- US Post Office — Riverhead
- U.S. National Register of Historic Places
- The former post office in 2008
- Location: 23 West Second Street, Riverhead, NY
- Coordinates: 40°55′6″N 72°39′50″W﻿ / ﻿40.91833°N 72.66389°W
- Built: 1935
- Architect: Louis A. Simon, U.S. Treasury Department
- Architectural style: Colonial Revival
- MPS: US Post Offices in New York State, 1858-1943, TR
- NRHP reference No.: 88002424
- Added to NRHP: May 11, 1989

= United States Post Office (Riverhead, New York) =

The old Riverhead Post Office was a United States post office located at 23 West Second Street in Riverhead, New York. It served the ZIP code 11901, covering all of Riverhead, along with Roanoke, Reeves Park, Centerville, northern Jamesport, and northwestern Laurel. The current Riverhead Post Office is located at 1210 West Main Street.

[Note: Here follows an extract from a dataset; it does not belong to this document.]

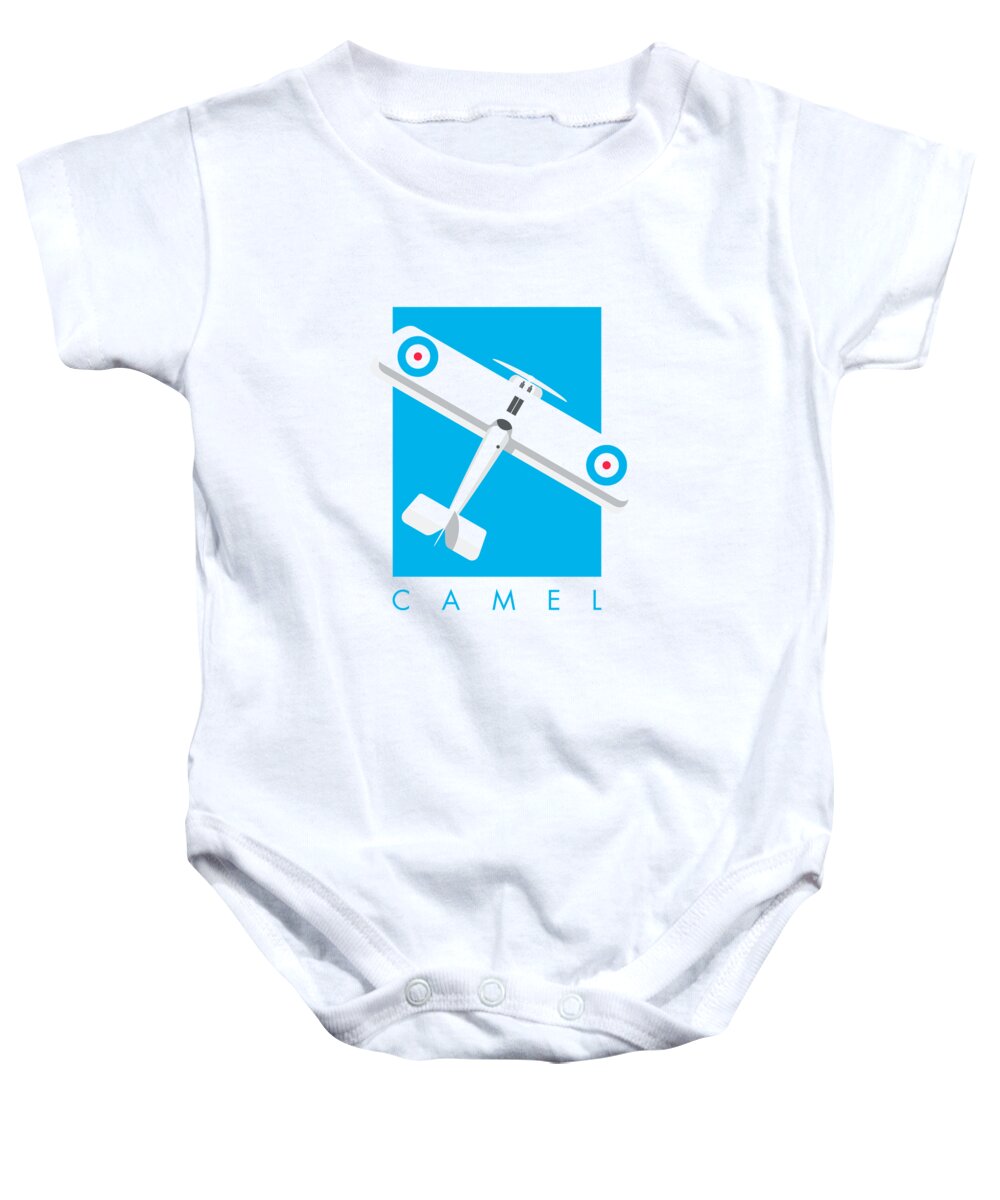 Aircraft Baby Onesie featuring the digital art Sopwith Camel WWI Biplane Aircraft - Cyan by Organic Synthesis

The old Riverhead Post Office was designed by Louis A. Simon who was Supervising Architect for the United States Treasury Department. Simon also designed the Post Office buildings in Bay Shore, Northport, and Westhampton Beach. According to the Riverhead Town Historian, the land for the Post Office was purchased in 1932, with the building erected in 1935 and dedicated in November of that year. The post office was a depression-era public works project. It is built in a simplified Colonial Revival style.

As with Patchogue and Smithtown's Village of the Branch, the old Riverhead Post Office was known as a source for obscure postal denominations by Long Island-based stamp collectors. The building was added to the National Register of Historic Places in 1989. The old post office building is currently home to professional suites.

On September 27, 2010, the new Riverhead Post Office building located on Main Street was named in honor of Riverhead native and Medal of Honor recipient Garfield M. Langhorn by the 111th United States Congress.